Back ’Round to Rounders

Mike McDermott retrieves money from a copy of Mike Caro's 'Poker Tells' in 'Rounders'We discussed Rounders today in my “Poker in American Film and Culture” class, rounding off our unit of films. Just a couple more weeks left in the semester, during which time the students will pick a particular film in which poker is prominent and write an essay analyzing the film and its use of poker.

I’ve mentioned before here how I’ve always been kind of lukewarm about Rounders. But with each viewing I’m growing to appreciate it a little more, I think. It works especially well here at the end of the semester, bringing together all sorts of themes and ideas we’ve been reading about and discussing for the past three months.

It’s clear from those opening shots of classic poker strategy books like Mike Caro’s Poker Tells and Doyle Brunson’s Super/System that the film was made by people with a keen understanding and appreciation of the history of poker. Indeed, the script is peppered with many familiar, much-repeated lines from the two-plus century-long story of the game. Some of these are passed along by Mike McDermott in his voice-over narration with attribution, while others are uttered by characters without stopping to identify sources.

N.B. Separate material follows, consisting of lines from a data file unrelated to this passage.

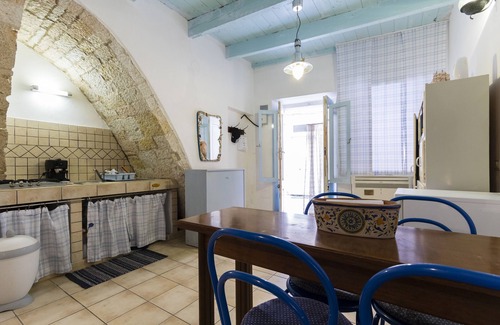 Carloforte Apartment | CARLOFORTE - Casa Margherita - studio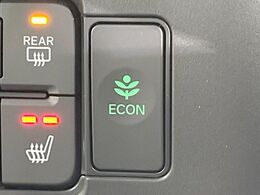 【シートヒーター】寒い日に重宝するシートヒーター！エアコンより早く温まってくれるので寒がりの人も安心ですね♪エアコンの温風は乾燥するから苦手、という方にもをおすすめです。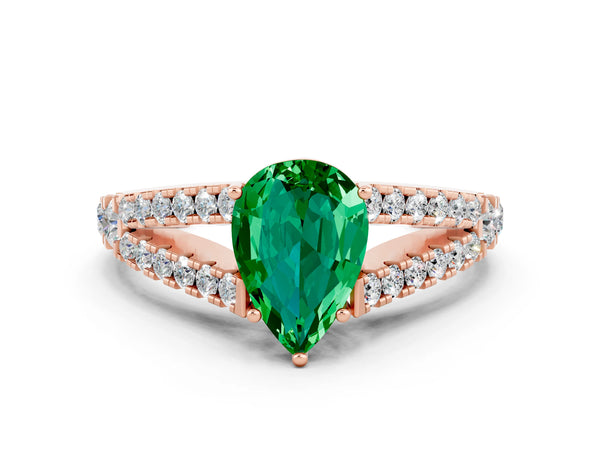 Rose gold Pear Cut Emerald Split Shank Engagement Ring with Round Pavé and Prong Setting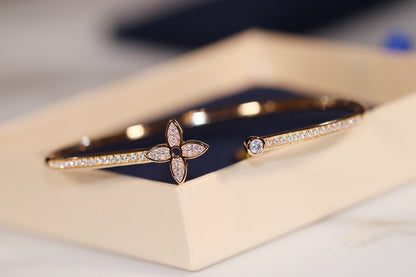 [⭐Hevara Jewelry]IDYLLE GOLD OPEN BRACELET DIAMOND PAVED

That “allusive” quality of the film makes it especially fun to watch and talk about at the end of the course, after we’ve read Cowboys Full by James McManus, The Biggest Game in Town by Al Alvarez, and many other essays and stories.

Mike McDermott retrieves money from a copy of 'Super/System' in 'Rounders'We’ve already read Doyle’s characterization of hold’em as “the Cadillac of poker” more than once by now.

We’ve seen reference to Amarillo Slim Preston several times, too -- even watched him and Doyle and others in a video in class -- and so recognize the reference when Mike quotes him talking about being able to “shear a sheep many times, but you can skin him only once” (noting how Worm never seemed to have learned that lesson).

We hear Teddy KGB complain about Mike having “alligator blood” at the end of the film, and we remember Johnny Moss saying the same thing about Stu Ungar at the 1981 WSOP near the end of The Biggest Game in Town.

And so on. References to the World Series of Poker resonate, too, since we have already discussed its central place in poker culture at present. And even situations the characters find themselves in throughout the film are mostly recognizable to us by now, having read those histories, short stories, Jesse May’s novel Shut Up and Deal, and watched other films including The Cincinnati Kid and California Split.

All of which is to say that while I still wouldn’t put Rounders at the tippy top of my list of poker movies -- or anywhere close to the top of a list of best movies, poker or otherwise -- I am enjoying certain aspects of David Levien and Brian Koppelman’s script more and more. And I especially like the way the film kind of encapsulates so many themes one finds in an extended survey of the culture and history of poker in America.